Wir können durchaus von einem Aufstand der Mitte reden.

Hans Vorländer, Direktor des Mercator Forums Migration und Demokratie (MIDEM)

Viel effektiver als etwa ein AfD-Verbotsverfahren sei der zivil­gesellschaftliche Widerstand und das Engagement der demokratischen Mitte, so der Politologe. Darauf komme es nun an, auch für die Wirkung aufs Ausland. Denn Vorländer meint, dass die Geheim­treffen-Affäre der AfD dem Ruf Deutschlands geschadet habe und Menschen aus dem Ausland davon abhalte, hier­her­zukommen: „Im Ausland ist leider längst bekannt, was die Rechts­extremen in Deutschland schon lange öffentlich diskutieren. Ich glaube, dass diese Welle an Demonstrationen auch ein außenpolitisches Zeichen für die Wehrhaftigkeit der deutschen Gesellschaft ist.“

Ich glaube, dass drei Viertel der Bevölkerung fest auf der Seite der Demokratie stehen.

Steffen Mau, Soziologe

Steffen Mau spricht daher von einer „Immun­reaktion“, wenn es um die Mobilisierung der Mitte geht. „Die Gesellschaft hat entdeckt, dass es eine Art Korrosion der demokratischen Grundlagen unseres Zusammen­lebens geben kann, die durch eine starke Dynamisierung des rechten Rands erfolgt.“ Weiter erklärt er: „Die Menschen vertrauen nicht allein ihren Institutionen, den Behörden, den Verfassungs­gerichten, sondern werden selbst aktiv. Sie werden sichtbar und zeigen, dass eine laute Minderheit, die behauptet, für die schweigende Mehrheit zu sprechen, falschliegt. Die Demonstrierenden machen klar, dass das Erstarken rechts­extremer Tendenzen nicht hinnehmbar ist.“

Dies sei insofern eine wichtige und positive Reaktion, da die breite gesellschaftliche Mitte zu lange passiv gewesen sei. Sie hätte das politische Geschehen zwar beobachtet, auch eine Meinung dazu gehabt, sei aber der Ansicht gewesen, dass die Demokratie selbst­verständlich sei und man sich nicht weiter­gehend organisieren müsse.

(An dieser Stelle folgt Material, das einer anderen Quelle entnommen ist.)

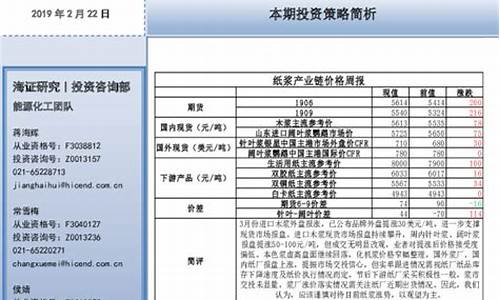 海证纸浆期货直播(海证期货手续费一览表)_https://www.xzdzcjn.com_上交所_第1张
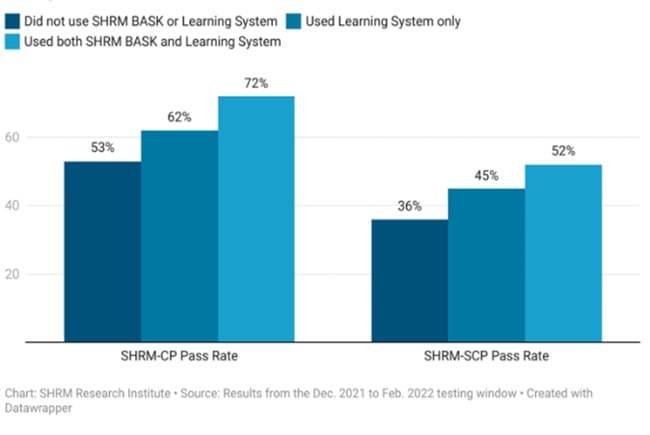 Bar Chart: 53% of SHRM-CP candidates who did not use the SHRM BASK or Learning System passed the exam, 62% who only used the Learning System passed the exam and 72% who used both the SHRM BASK and Learning System passed the exam. 36% of SHRM-SCP candidates who did not use the SHRM BASK or Learning System passed the exam, 45% who only used the Learning System passed the exam and 52% who used both the SHRM BASK and Learning System passed the exam. Data from SHRM Research Institute and results from the December 2021 to February 2022 testing window.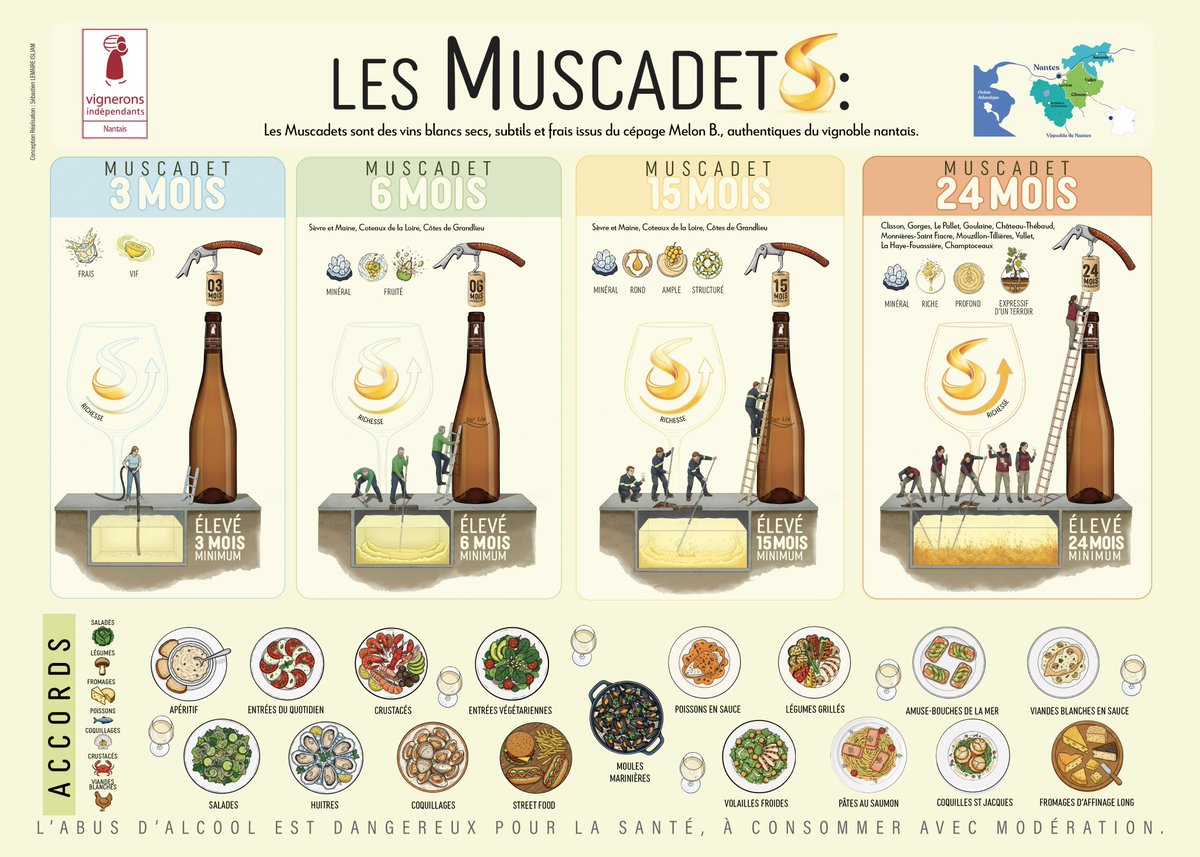 Vignerons Indépendants des Pays de la Loire tweet media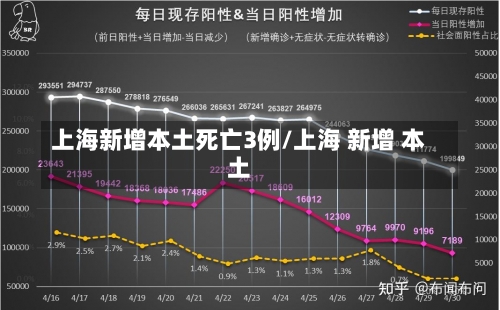 上海新增本土死亡3例/上海 新增 本土-第1张图片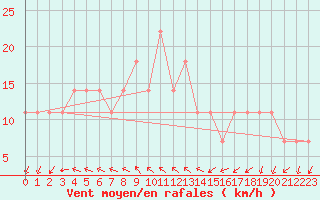 Courbe de la force du vent pour Leiser Berge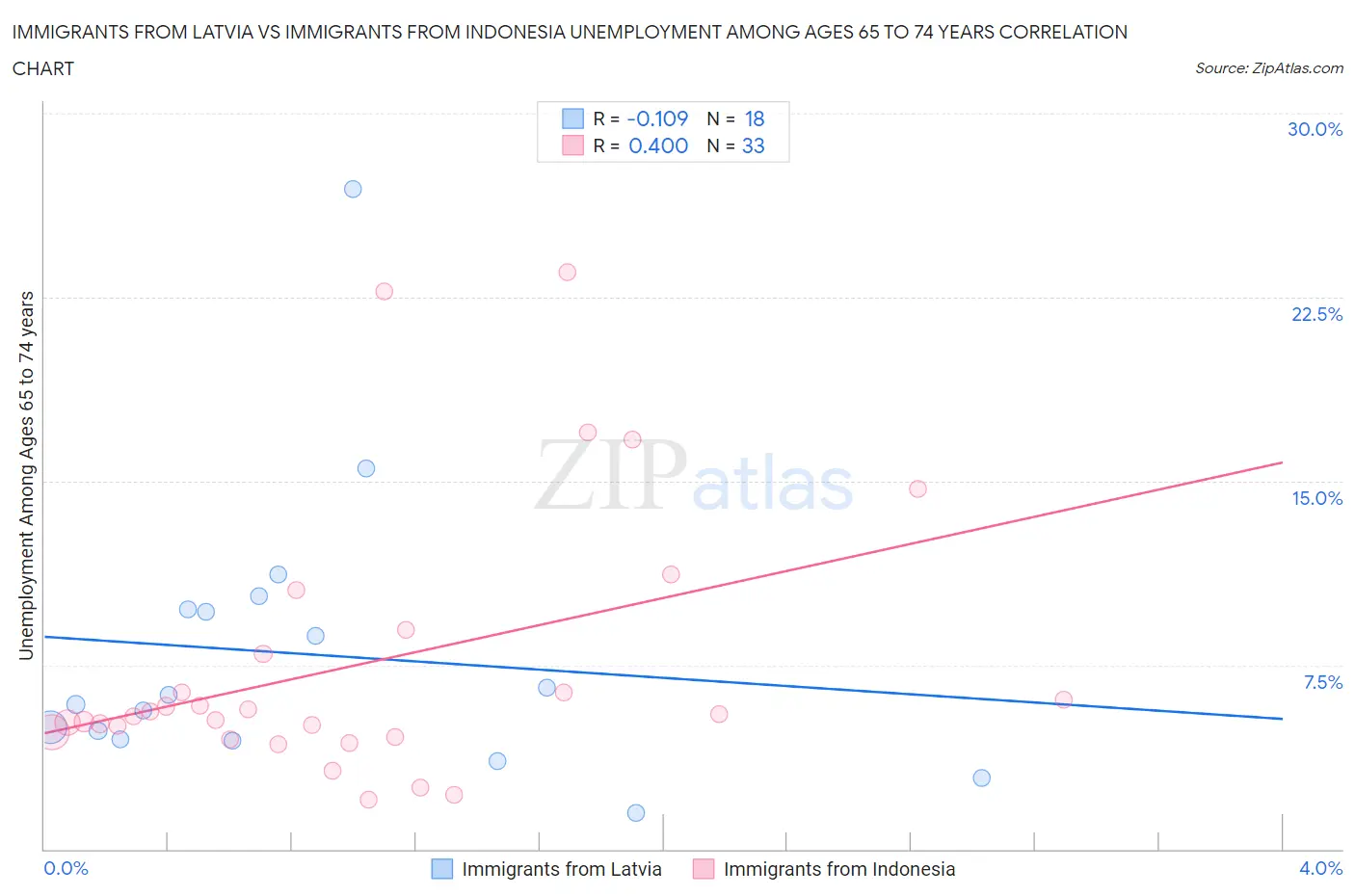 Immigrants from Latvia vs Immigrants from Indonesia Unemployment Among Ages 65 to 74 years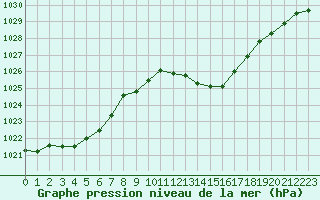 Courbe de la pression atmosphrique pour Sisteron (04)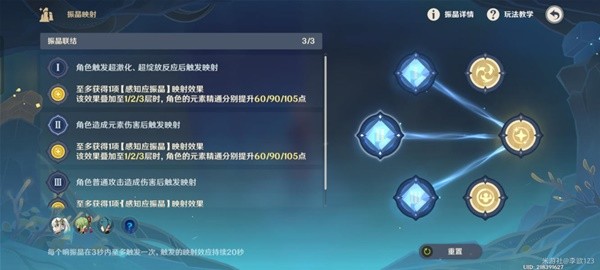 《原神》3.5版振晶的复核实验第四天攻略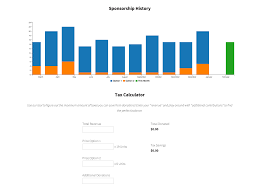 In addition to consistency, make sure that you are giving the audience what they want. Get Sponsored Devpost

Wird die stille Mitte laut bleiben?

Ob dieses Momentum des Engagements und der Mobilisierung von Bürger*innen anhält und zu einer nachhaltigen Schwächung der AfD bei Wahlen führe, bleibe abzuwarten, so Vorländer. Mau ist optimistischer: „Wir sehen, dass eine Gegen­bewegung möglich und auch relativ schnell mobilisierbar ist. Ich glaube, dass drei Viertel der Bevölkerung fest auf der Seite der Demokratie stehen. Die haben sich jetzt sichtbar gemacht, eine Artikulations­form gefunden und signalisiert, dass eine Fortsetzung folgen kann.“

Mercator Forum Migration und Demokratie

Das Mercator Forum Migration und Demokratie (MIDEM) ist ein Forschungs­zentrum an der TU Dresden. Es fragt danach, wie Migration demokratische Prozesse sowie Institutionen und Kulturen prägt und zugleich von ihnen geprägt wird.